Mount Logan Capital’s wholly-owned subsidiary, MLC US Holdings, entered into a credit agreement, as borrower, with a U.S.-based asset manager as administrative agent and collateral agent for the lenders in respect of a term loan for an initial amount of up to $25 million.

Pursuant to the credit agreement, MLC US Holdings is entitled to borrow up to $25 million, of which $16.5 million was drawn down as of the closing date. The undrawn portion of the credit facility will expire on Dec. 31 and the outstanding principal amount and accrued but unpaid interest in respect of the credit facility will become payable on Aug. 20, 2027, subject to certain adjustments pursuant to the credit agreement.

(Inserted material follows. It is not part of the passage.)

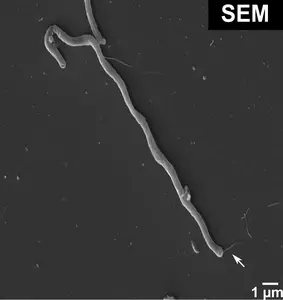 SEM 1: Electron microscopy of Taurinivorans muris in pure culture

The intended use of the initially drawn proceeds on the credit facility is to refinance the existing credit facility at MLCSC Holdings Finance, to repay debt drawn in connection with funding a transaction with Capitala Investment Advisors, pursuant to which Mount Logan Management became the investment adviser of Capitala Finance (now Logan Ridge Finance), and to pay fees and expenses related to the credit facility. The remaining amount of the credit facility is expected to partially fund the company’s proposed $10 million investment to support the growth of Ability Insurance Company alongside the proposed acquisition of Ability in Q4/21.

“We are very pleased with the closing of this credit facility, which represents Mount Logan’s first long-term corporate credit facility,” Ted Goldthorpe, CEO and chairman of Mount Logan Capital, said. “We have a strong relationship with the lenders who are aligned to support our future growth.”

As collateral security for its obligations under the credit agreement, MLC US Holdings has granted in favor of the lenders a security interest in all of the assets of MLC US Holdings. In addition, the company has guaranteed the obligations of MLC US Holdings under the credit agreement in favor of the lenders.